START The input
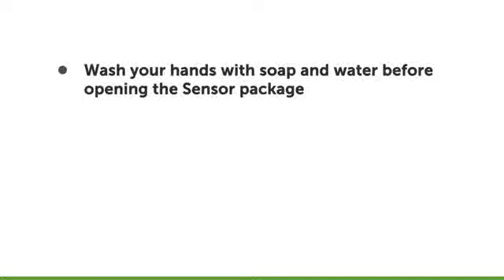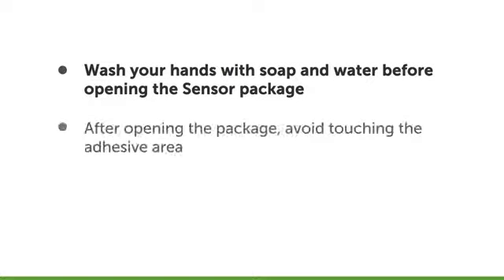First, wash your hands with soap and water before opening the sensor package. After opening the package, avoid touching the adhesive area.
END The input
START The input
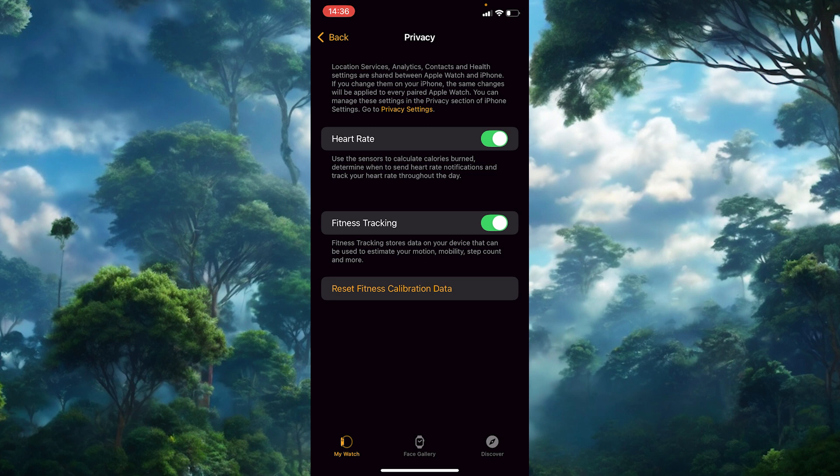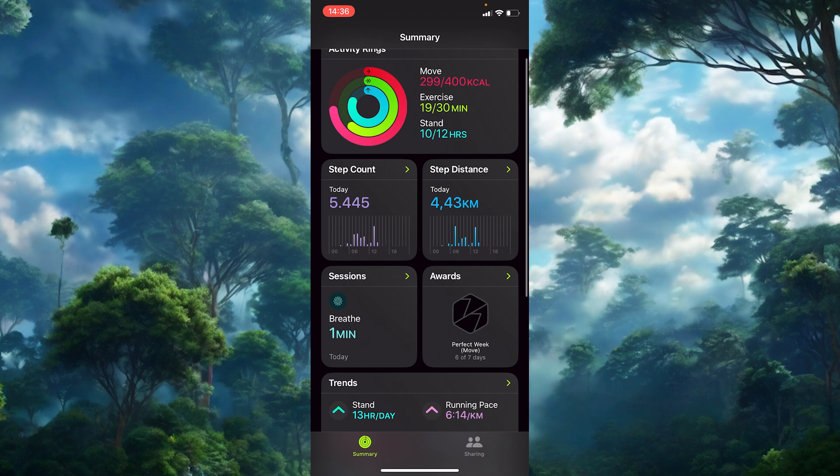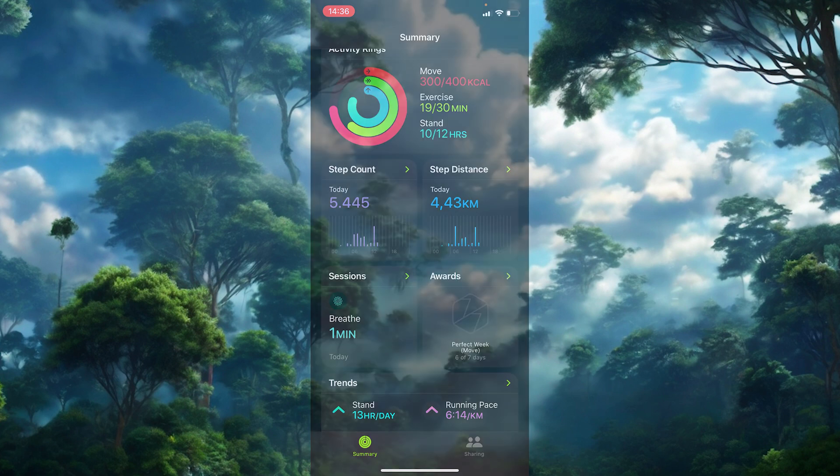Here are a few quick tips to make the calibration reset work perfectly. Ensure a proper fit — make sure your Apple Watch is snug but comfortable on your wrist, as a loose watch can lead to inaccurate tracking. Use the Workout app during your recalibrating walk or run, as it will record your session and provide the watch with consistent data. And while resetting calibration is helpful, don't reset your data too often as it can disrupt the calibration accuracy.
END The input
START The input
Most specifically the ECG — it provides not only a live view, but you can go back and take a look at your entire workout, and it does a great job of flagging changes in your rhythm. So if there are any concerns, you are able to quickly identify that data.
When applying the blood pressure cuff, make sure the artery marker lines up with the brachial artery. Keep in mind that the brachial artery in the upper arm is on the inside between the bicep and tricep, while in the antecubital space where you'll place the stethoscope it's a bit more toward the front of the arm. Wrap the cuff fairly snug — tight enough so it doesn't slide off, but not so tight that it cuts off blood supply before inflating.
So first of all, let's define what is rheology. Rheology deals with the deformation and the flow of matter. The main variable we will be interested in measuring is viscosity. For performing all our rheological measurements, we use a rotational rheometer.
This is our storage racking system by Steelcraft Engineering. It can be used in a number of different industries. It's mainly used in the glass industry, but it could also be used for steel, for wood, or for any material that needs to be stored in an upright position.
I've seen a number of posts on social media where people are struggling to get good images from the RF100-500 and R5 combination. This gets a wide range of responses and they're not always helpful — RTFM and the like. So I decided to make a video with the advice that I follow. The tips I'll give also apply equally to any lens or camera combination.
END The input
- _Exercise goal_: The required output is the stretch of entries above from the line containing "When applying the" through the line containing "I've seen a", reproduced exactly.

- _Answer for the task_:
When applying the blood pressure cuff, make sure the artery marker lines up with the brachial artery. Keep in mind that the brachial artery in the upper arm is on the inside between the bicep and tricep, while in the antecubital space where you'll place the stethoscope it's a bit more toward the front of the arm. Wrap the cuff fairly snug — tight enough so it doesn't slide off, but not so tight that it cuts off blood supply before inflating.
So first of all, let's define what is rheology. Rheology deals with the deformation and the flow of matter. The main variable we will be interested in measuring is viscosity. For performing all our rheological measurements, we use a rotational rheometer.
This is our storage racking system by Steelcraft Engineering. It can be used in a number of different industries. It's mainly used in the glass industry, but it could also be used for steel, for wood, or for any material that needs to be stored in an upright position.
I've seen a number of posts on social media where people are struggling to get good images from the RF100-500 and R5 combination. This gets a wide range of responses and they're not always helpful — RTFM and the like. So I decided to make a video with the advice that I follow. The tips I'll give also apply equally to any lens or camera combination.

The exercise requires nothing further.